## [YOUR GOAL]
Each line from the one containing "X0000110940497200906191233" through the last line of the data below should be printed exactly, please, with any pictures omitted.

Stored entries:
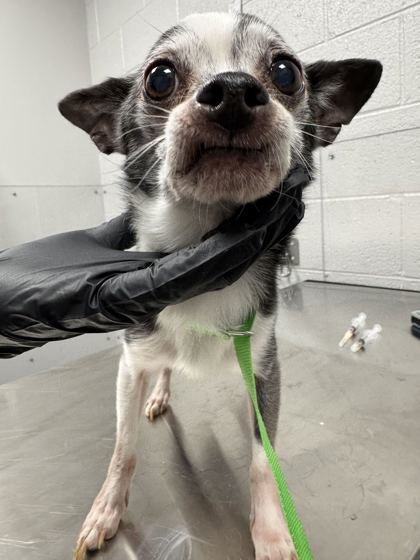 BRUNO - Short Coat Chihuahua / Mix available for adoption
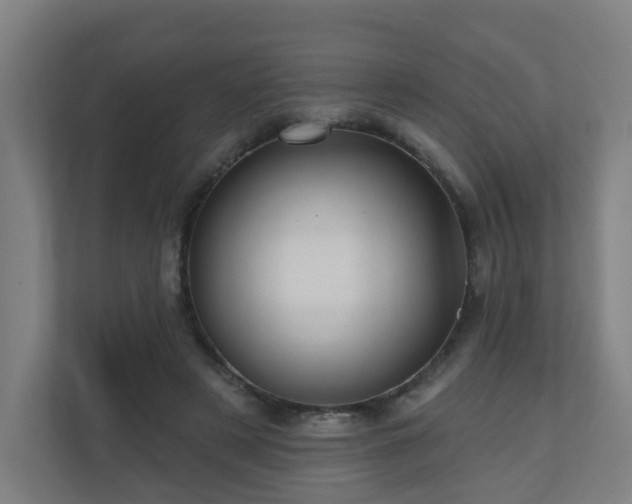 X0000110940497200906191233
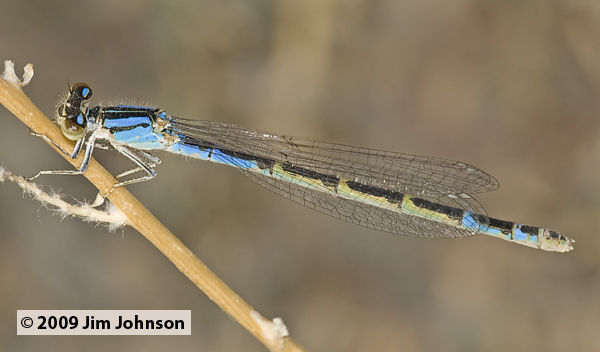 Enallagma annexum 20090704_0231, Northern Bluet Enallagma annexum 20090704_0231, Northern Bluet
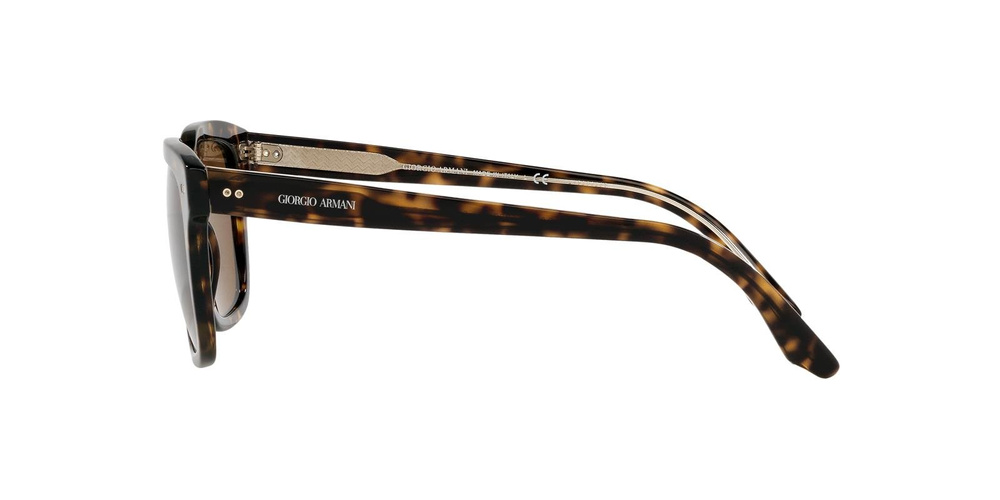 Giorgio Armani Sunglasses AR8138-502633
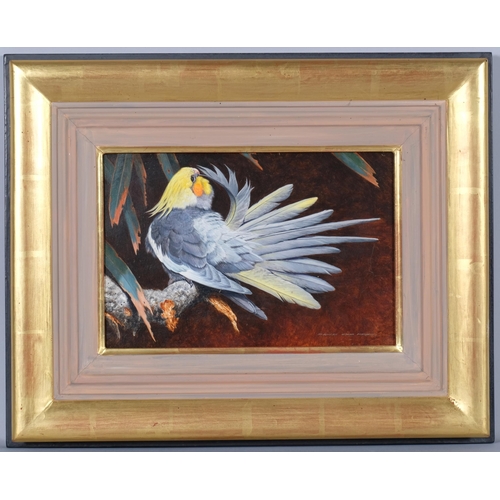 700 - David Ord Kerr, Cockatiel, oil on board, 19cm x 29cm, framed, provenance: The Tryon and Swann Galler... 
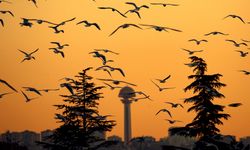 Ankara'nın denize hasret martıları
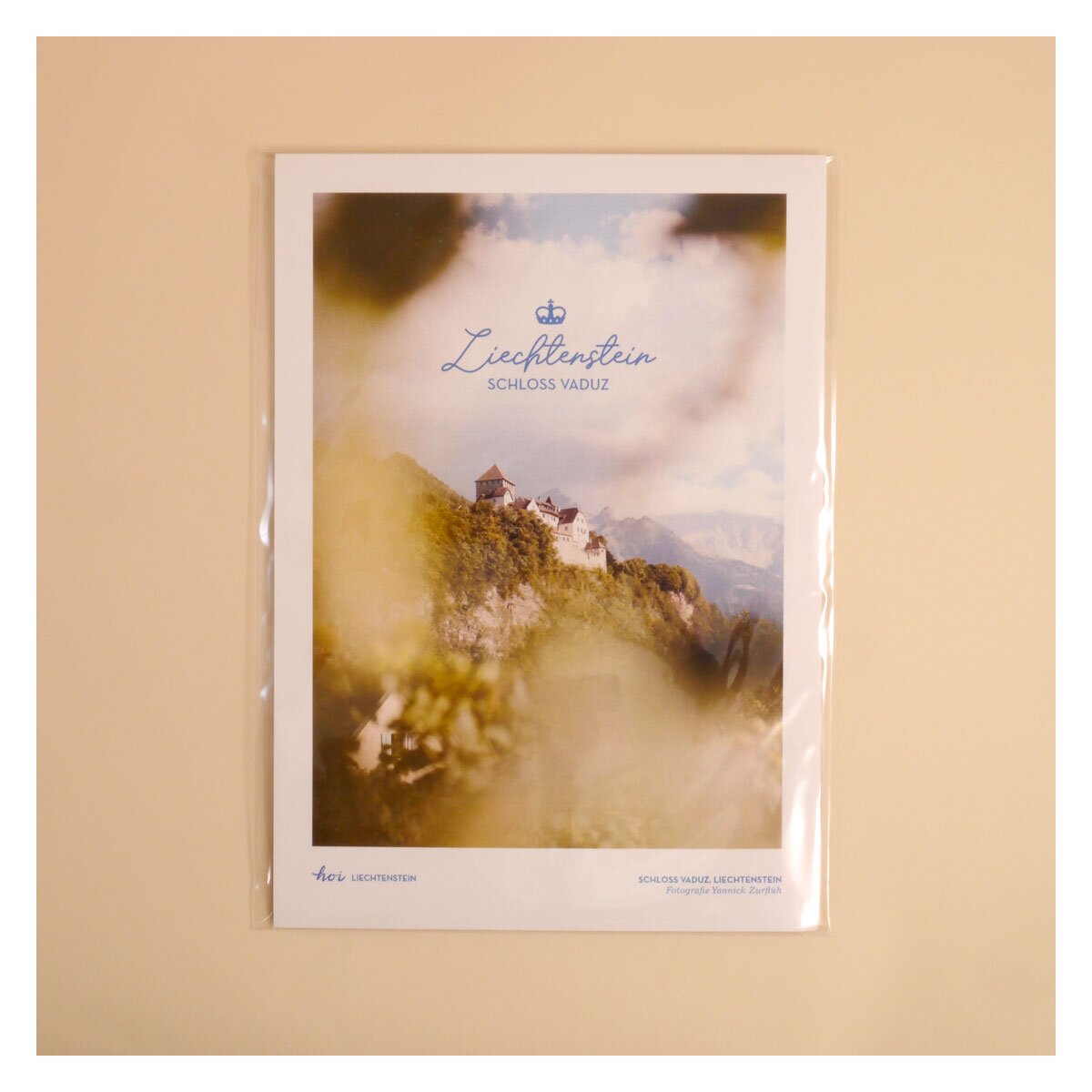 Hoi-Poster A4 – "Blick zum Schloss"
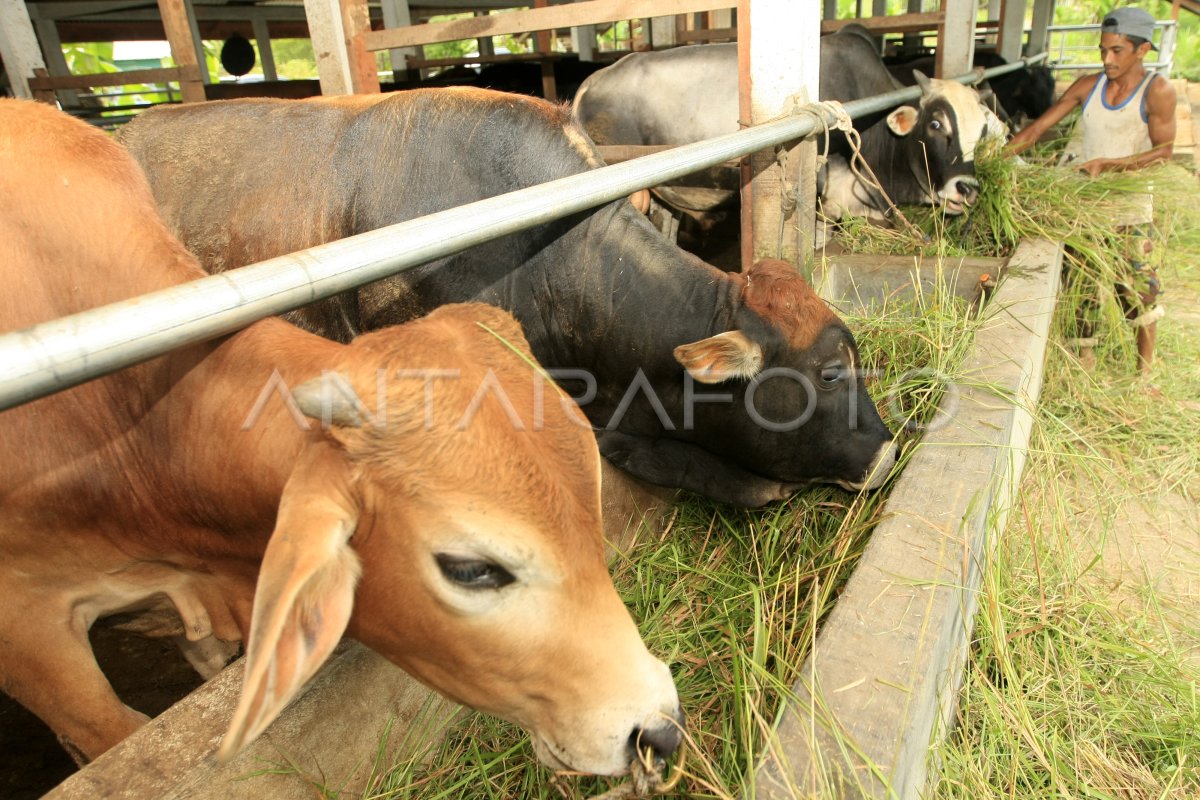 Penggemukan Sapi Potong Antara Foto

## [TASK RESULT]
 X0000110940497200906191233
 Enallagma annexum 20090704_0231, Northern Bluet Enallagma annexum 20090704_0231, Northern Bluet
 Giorgio Armani Sunglasses AR8138-502633
 700 - David Ord Kerr, Cockatiel, oil on board, 19cm x 29cm, framed, provenance: The Tryon and Swann Galler... 
 Ankara'nın denize hasret martıları
 Hoi-Poster A4 – "Blick zum Schloss"
 Penggemukan Sapi Potong Antara Foto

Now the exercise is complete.